(Captioned web images)
◇ ◇ ◇ ◇
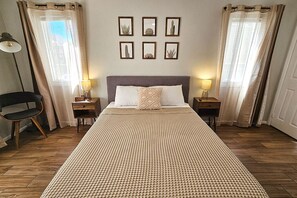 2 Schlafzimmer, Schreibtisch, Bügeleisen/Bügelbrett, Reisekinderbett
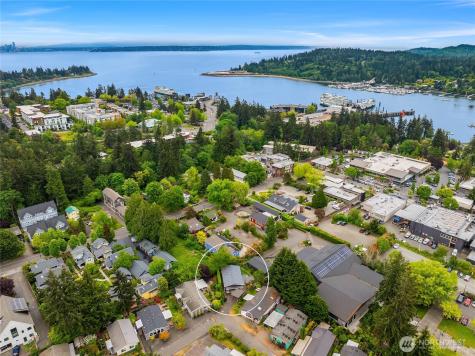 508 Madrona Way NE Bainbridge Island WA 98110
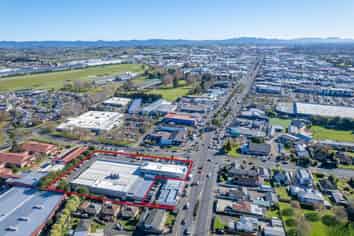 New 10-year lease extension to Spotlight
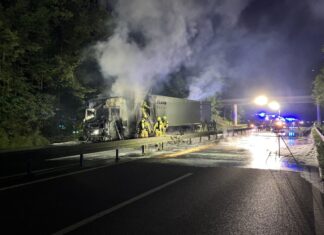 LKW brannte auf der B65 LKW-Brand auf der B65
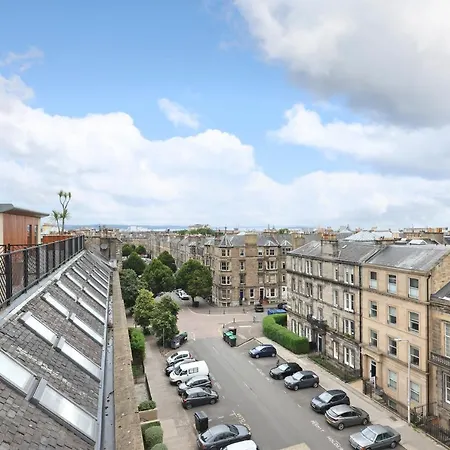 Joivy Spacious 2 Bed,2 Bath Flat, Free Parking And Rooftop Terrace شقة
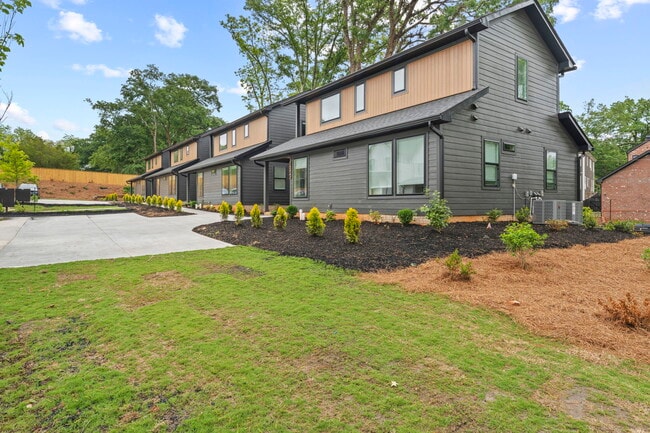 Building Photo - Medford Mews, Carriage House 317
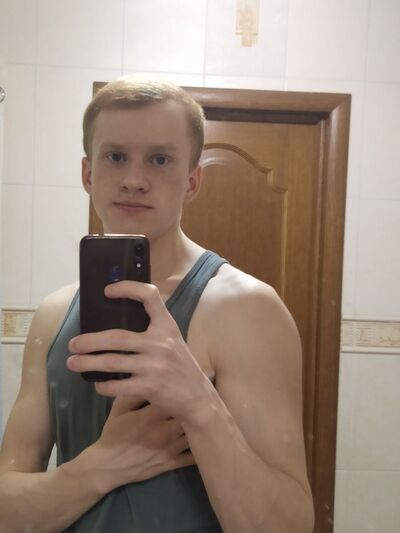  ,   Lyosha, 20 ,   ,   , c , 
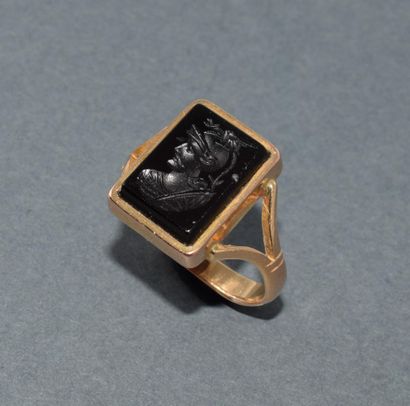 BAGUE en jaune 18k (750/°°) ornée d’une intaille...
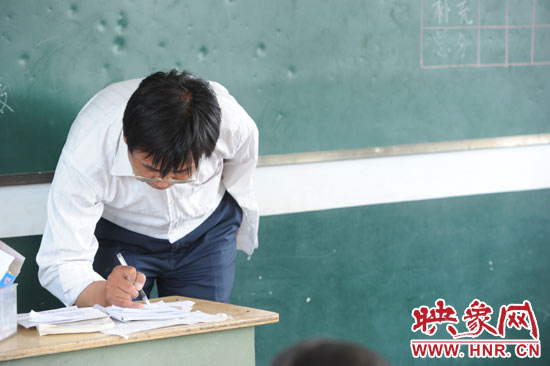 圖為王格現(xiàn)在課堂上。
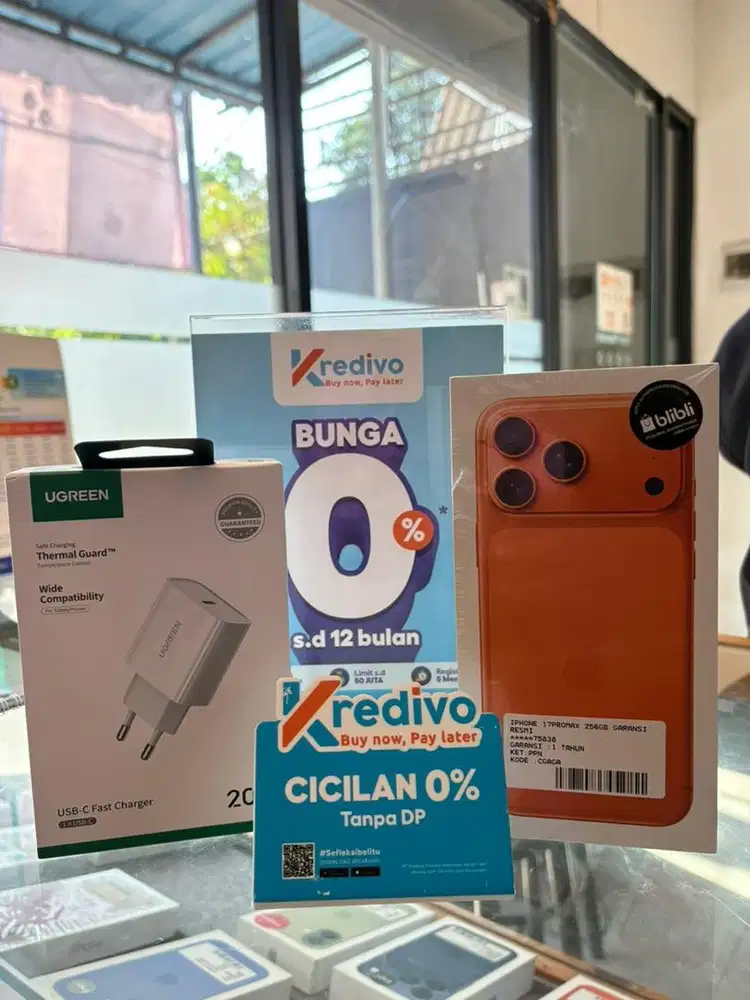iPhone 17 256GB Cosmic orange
◇ ◇ ◇ ◇
*REQUIRED ACTION:*
Retype exactly the lines from the one containing "Building Photo - Medford" through the last line of the records above, both included, and leave out any pictures.

*OUTPUT OF THE EXERCISE:*
 Building Photo - Medford Mews, Carriage House 317
  ,   Lyosha, 20 ,   ,   , c , 
 BAGUE en jaune 18k (750/°°) ornée d’une intaille...
 圖為王格現(xiàn)在課堂上。
iPhone 17 256GB Cosmic orange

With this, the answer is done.